Packages like PkgTemplates.jl or PkgSkeleton.jl provide easy ways to setup documentation, tests, and continuous integration.

My pull request was not approved for automatic merging, what do I do?

It is recommended that you fix the release to conform to the guidelines and then retrigger Registrator on the branch/commit that includes the fix.

If you for some reason can't (or won't) adhere to the guidelines you will have to wait for a human to review/merge the pull request. You can contact a human in the #pkg-registration channel in the official Julia Slack to expedite this process.

My package fails to load because it needs proprietary software/additional setup to work, what can I do?

Before merging a pull request, AutoMerge will check that your package can be installed and loaded. It is OK for your package to not be fully functional, but making it at least load successfully would streamline registration, as it does not require manual intervention from the registry maintainers. This would also let other packages depend on it, and use its functionalities only when the proprietary software is available in the system, as done for example by the CUDA.jl package. If you are not able or willing to make your package always loadable without the proprietary dependency (which is the preferred solution), you can check if the environment variable JULIA_REGISTRYCI_AUTOMERGE is equal to true and make your package loadable during AutoMerge at least, so that it can be registered without manual intervention. Examples of packages with proprietary software that use the environment variable check include Gurobi.jl and CPLEX.jl.

My pull request has a merge conflict, what do I do?

Retrigger Registrator.

How do I retrigger Registrator in order to update my pull request?

Do what you did when you triggered Registrator the first time.

AutoMerge is blocked by one of my comments, how do I unblock it?

Simply edit [noblock] into all your comments. AutoMerge periodically checks each PR, and if there are no blocking comments when it checks (i.e. all comments have [noblock] present), it will continue to merge (assuming of course that all of its other checks have passed).

Are there any requirements for package names in the General registry?

There are no hard requirements, but it is highly recommended to follow the package naming guidelines.

What to do when asked to reconsider/update the package name?

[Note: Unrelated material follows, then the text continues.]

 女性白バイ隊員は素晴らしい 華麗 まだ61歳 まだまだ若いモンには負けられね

If someone comments on the name of your package when you first release it it is often because it does not follow the naming guidelines. If you think that your package should not follow those conventions for some reason or another, just explain why. Otherwise, it is often a good idea to just rename the package -- it is more disruptive to do so after it is already registered, and sticking to the conventions makes it easier for users to navigate Julia's many varied packages.

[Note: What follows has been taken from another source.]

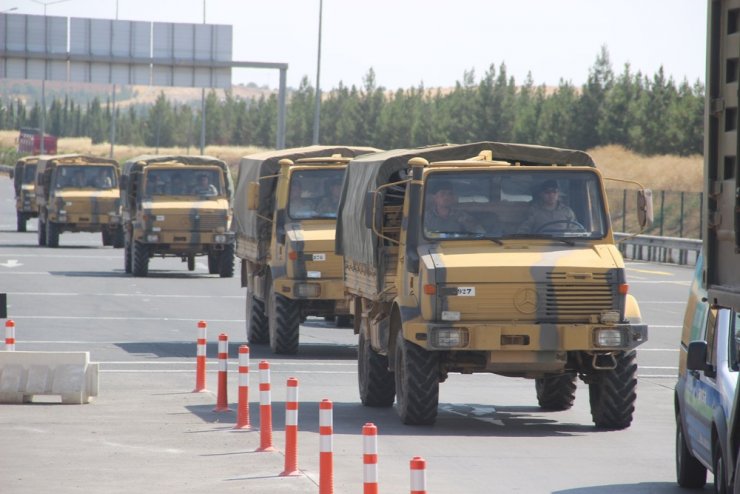 Suriye sınırına yığınak devam ediyor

As long as the package is not yet registered, renaming the package from OldName.jl to NewName.jl is reasonably straightforward:

  • Rename the GitHub repository to NewName.jl
  • Rename the file src/OldName.jl to src/NewName.jl
  • Rename the top-level module to NewName
  • Update tests, documentation, etc, to reference the new name
  • Once you are done renaming the package, retrigger registration. This will make a new pull request to General. It is helpful to comment in the old pull request that it can be closed, linking to the new one.

How do I rename an existing registered package?

Technically, you can't rename a package once registered, as this would break existing users. But you can re-register the package again under a new name with a new UUID, which basically has the same effect.

  • Follow the instructions above for renaming a package: rename on GitHub, rename files etc.
    • if you rename the repository so it has a new URL, make a PR to edit the URL stored in the registry for the old package name to point to the new URL (example). This allows the old versions of the package under the previous name to continue to work.
  • Generate a new UUID for the Project.toml
  • Increment the version in the Project.toml as a breaking change.
  • Register it as if it were a new package
  • Comment on the PR, that this is a rename.
  • It will have to go though the normal criteria for registring a new package.
    • In particular, even if you get it merged manually, it will need to wait 3 days from the PR being opened.
    • This gives others and yourself the chance to point out any naming issues.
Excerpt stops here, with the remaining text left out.